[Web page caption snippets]

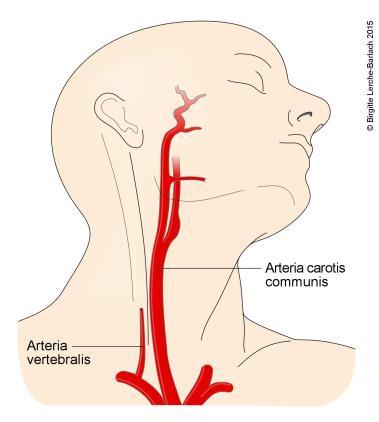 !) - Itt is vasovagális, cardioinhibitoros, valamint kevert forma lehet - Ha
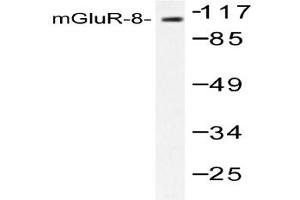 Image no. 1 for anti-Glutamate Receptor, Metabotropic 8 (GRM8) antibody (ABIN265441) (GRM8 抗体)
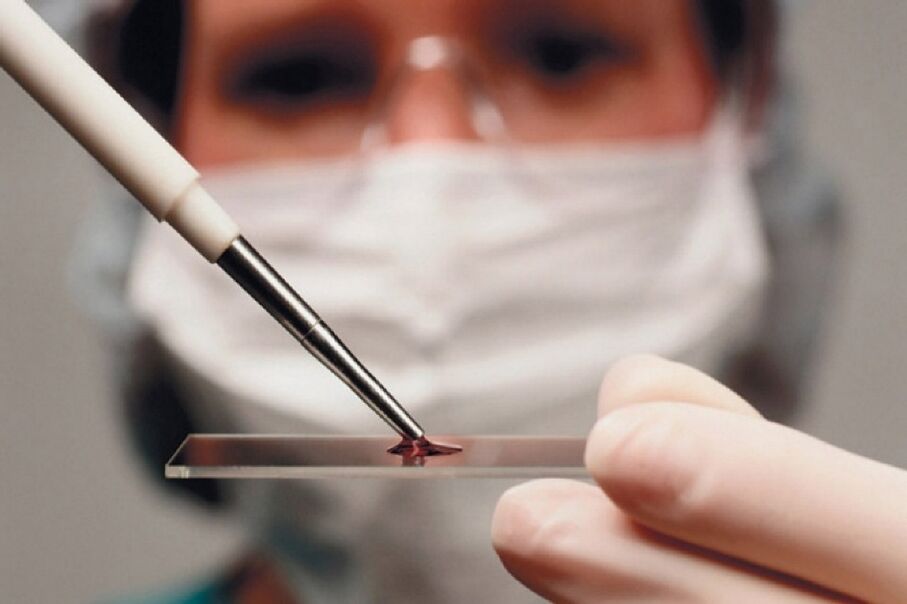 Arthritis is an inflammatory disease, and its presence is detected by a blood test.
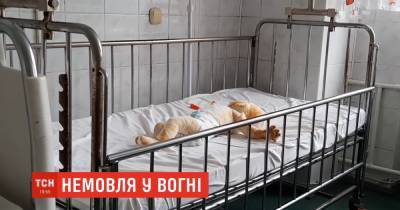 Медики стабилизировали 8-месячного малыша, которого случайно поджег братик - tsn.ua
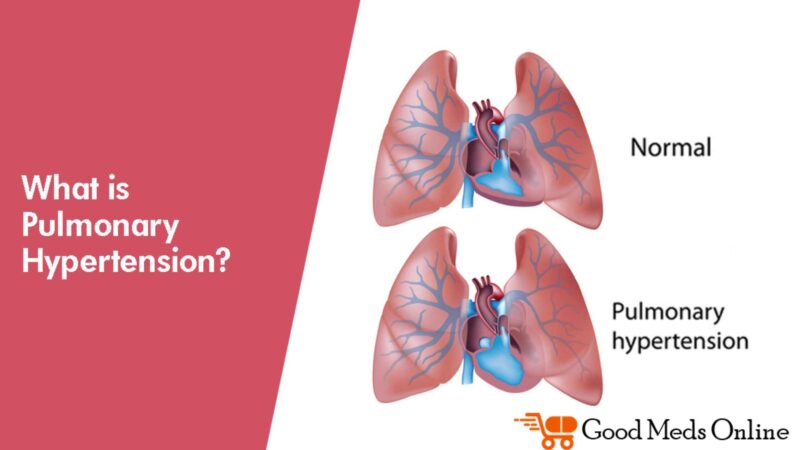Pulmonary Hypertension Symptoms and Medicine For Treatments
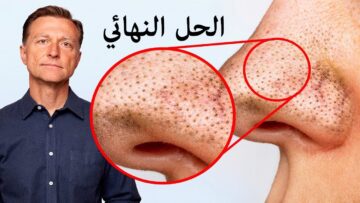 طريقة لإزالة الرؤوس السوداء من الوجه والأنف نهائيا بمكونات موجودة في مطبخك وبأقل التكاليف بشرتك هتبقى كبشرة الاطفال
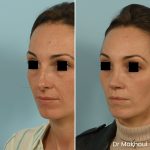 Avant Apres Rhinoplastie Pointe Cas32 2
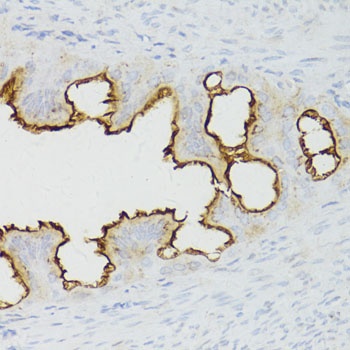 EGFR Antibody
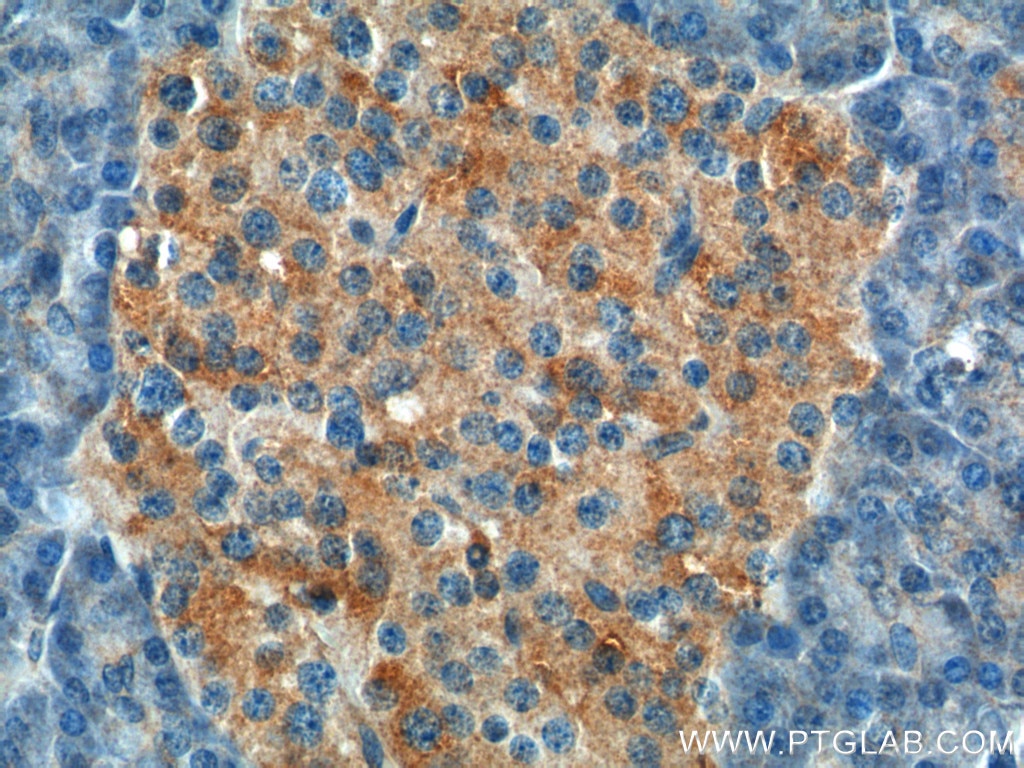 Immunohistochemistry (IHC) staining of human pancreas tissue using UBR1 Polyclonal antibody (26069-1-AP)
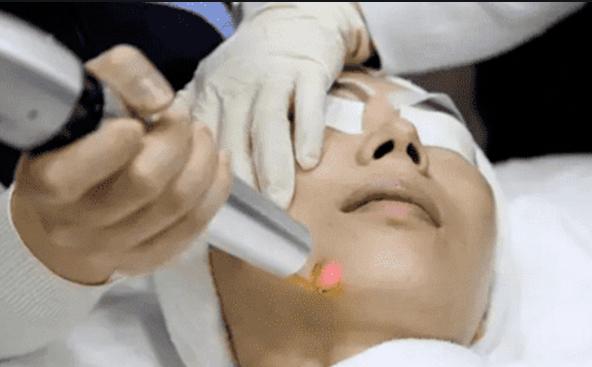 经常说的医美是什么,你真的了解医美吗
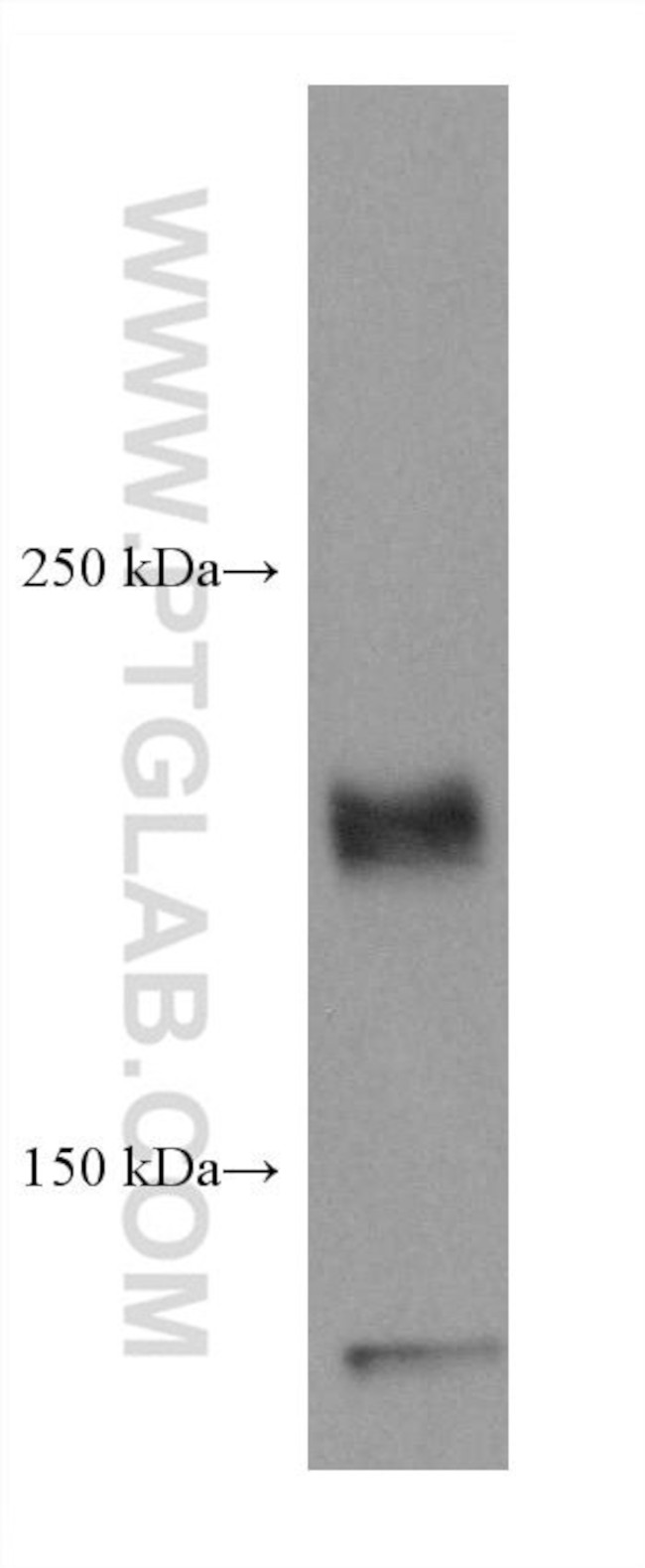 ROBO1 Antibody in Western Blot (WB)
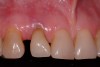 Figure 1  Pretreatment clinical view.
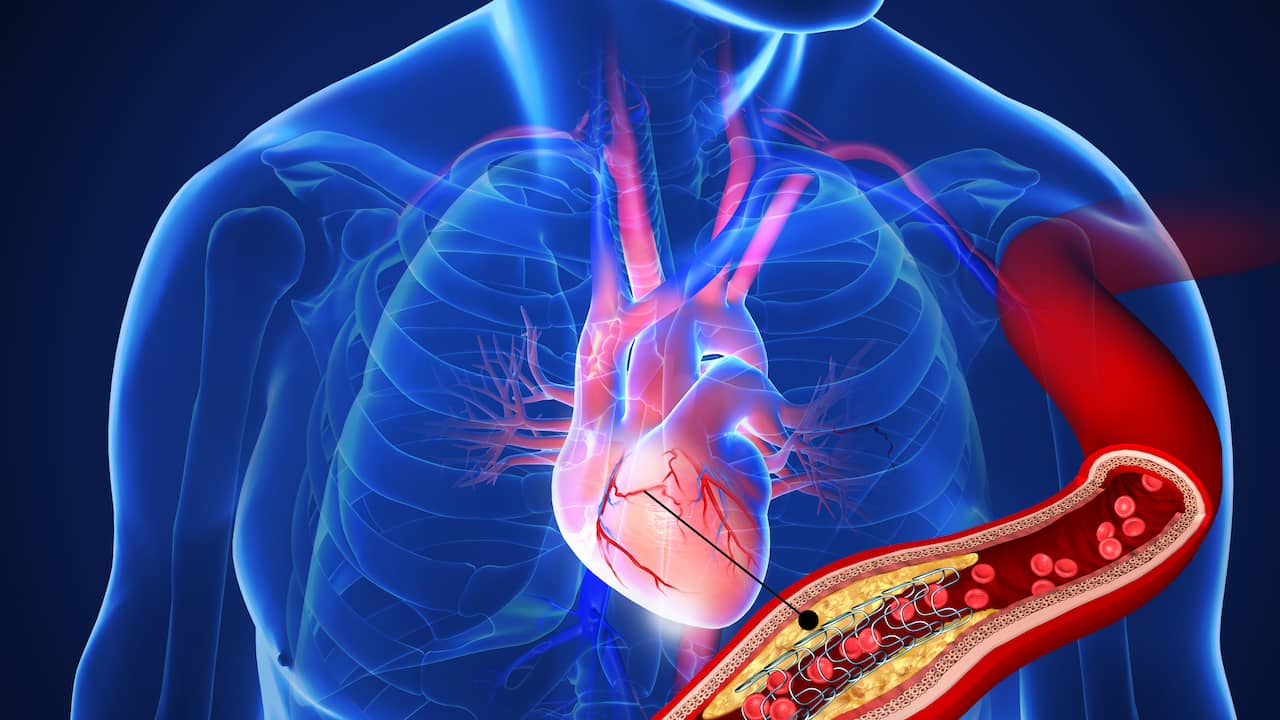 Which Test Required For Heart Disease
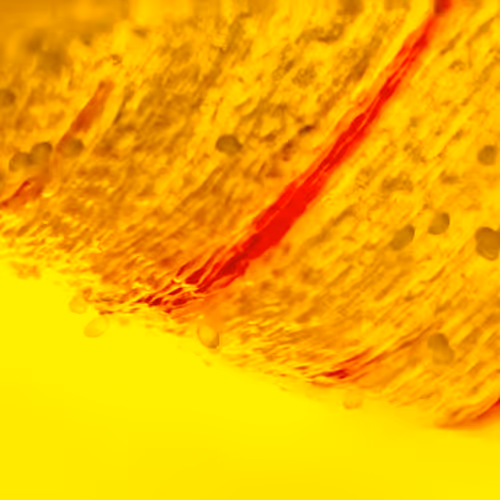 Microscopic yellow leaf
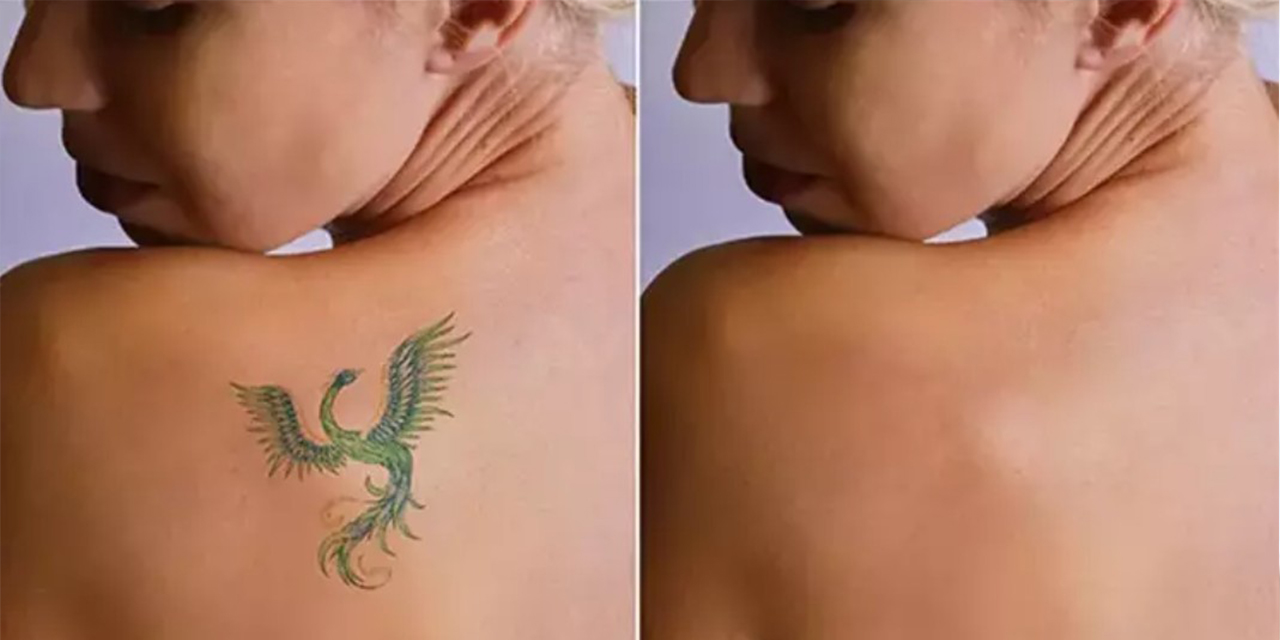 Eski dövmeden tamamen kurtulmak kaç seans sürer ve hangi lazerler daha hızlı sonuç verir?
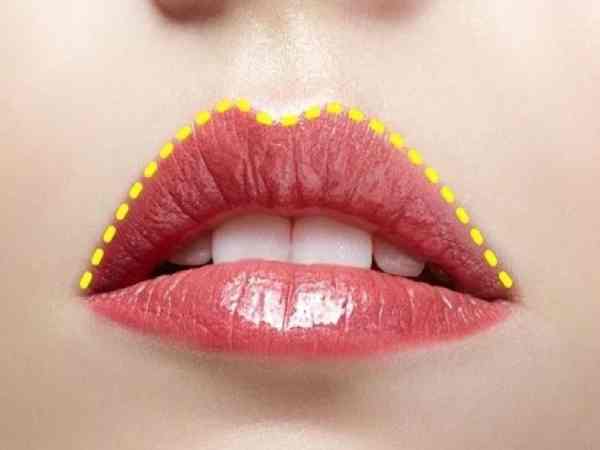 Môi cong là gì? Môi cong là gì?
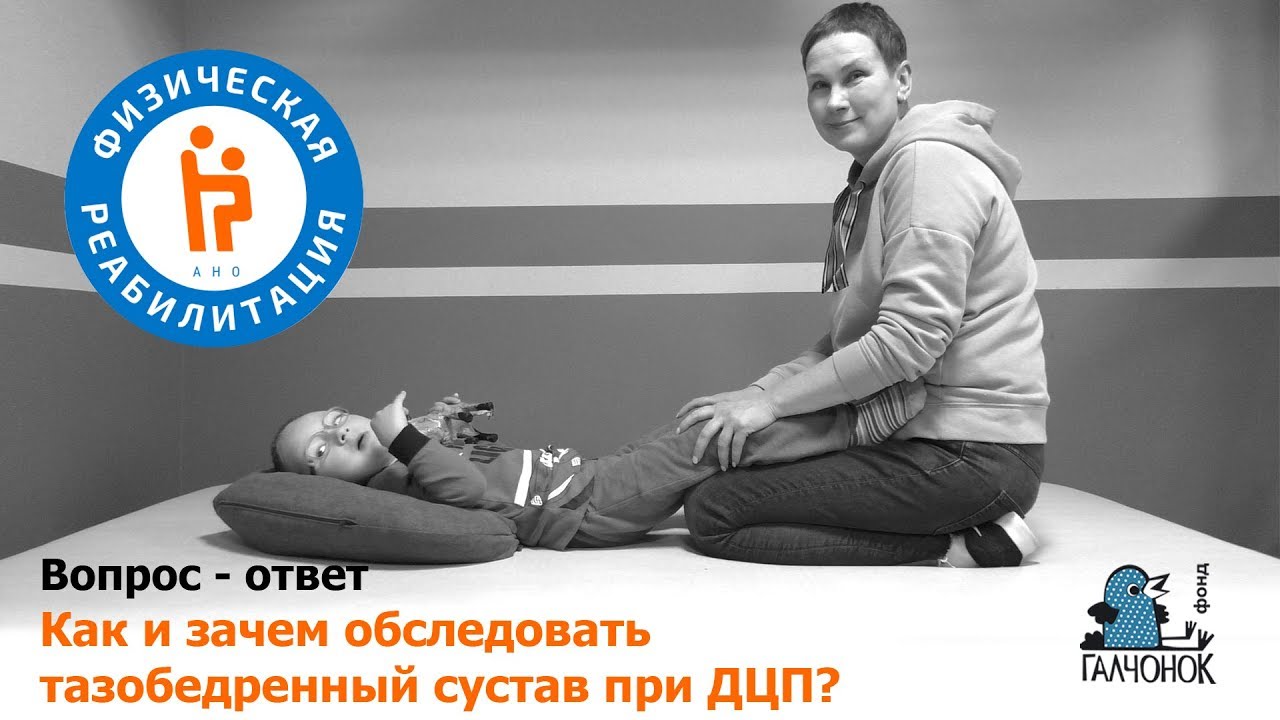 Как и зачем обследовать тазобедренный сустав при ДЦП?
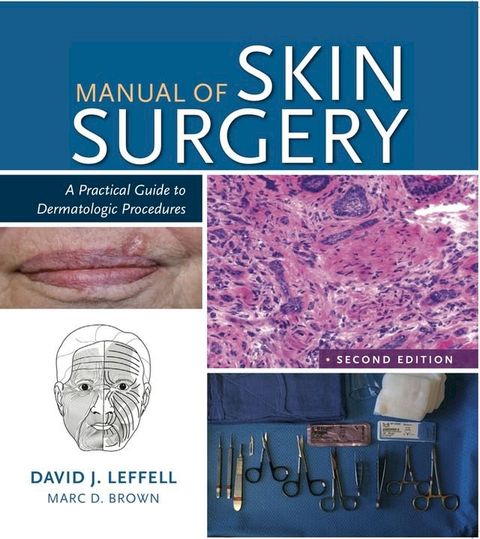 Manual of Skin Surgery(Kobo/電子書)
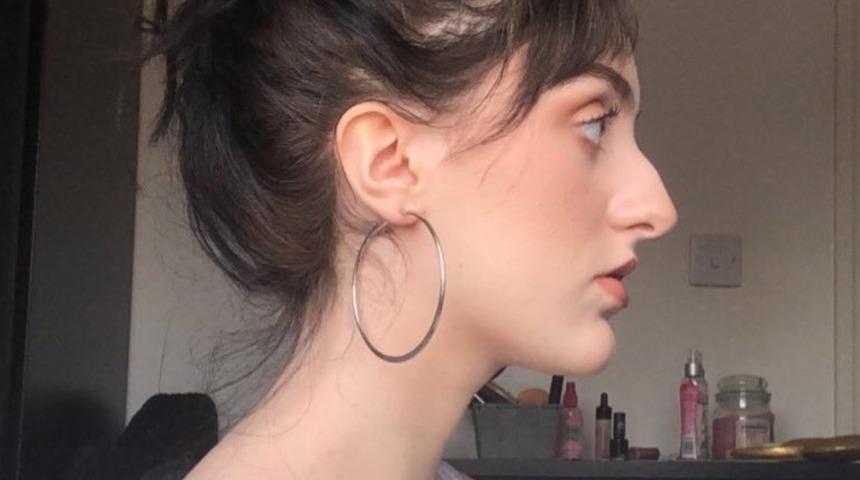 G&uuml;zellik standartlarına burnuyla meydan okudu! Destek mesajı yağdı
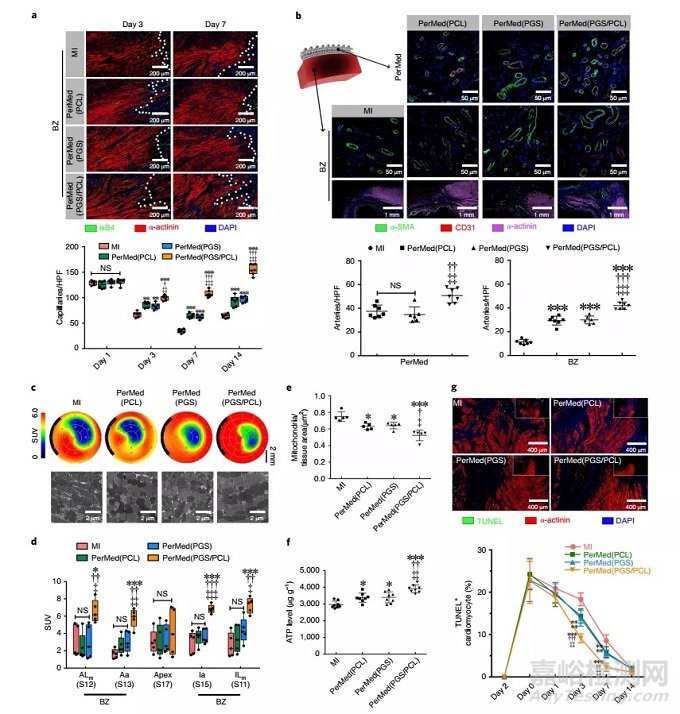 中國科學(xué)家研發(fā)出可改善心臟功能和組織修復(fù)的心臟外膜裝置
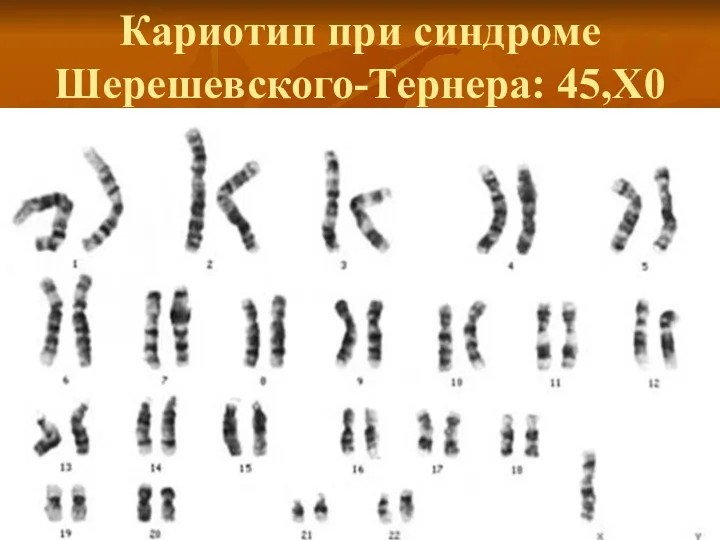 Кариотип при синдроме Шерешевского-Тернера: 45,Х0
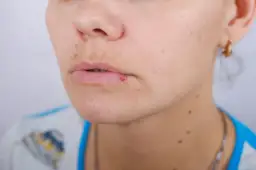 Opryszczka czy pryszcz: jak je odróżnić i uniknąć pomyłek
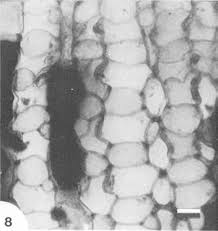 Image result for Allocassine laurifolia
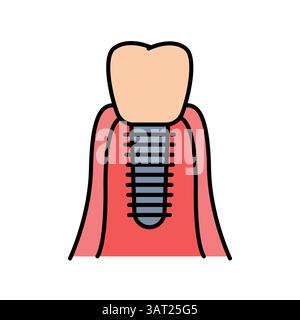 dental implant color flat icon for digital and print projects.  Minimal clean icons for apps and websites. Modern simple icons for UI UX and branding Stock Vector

**INSTRUCTIONS TO FOLLOW**: What you return must match the lines above from the one with "Microscopic yellow leaf" through the one with "Manual of Skin Surgery(Kobo/電子書)" exactly, with both ends included and the pictures excluded.

**EXERCISE RESPONSE**:
 Microscopic yellow leaf
 Eski dövmeden tamamen kurtulmak kaç seans sürer ve hangi lazerler daha hızlı sonuç verir?
 Môi cong là gì? Môi cong là gì?
 Как и зачем обследовать тазобедренный сустав при ДЦП?
 Manual of Skin Surgery(Kobo/電子書)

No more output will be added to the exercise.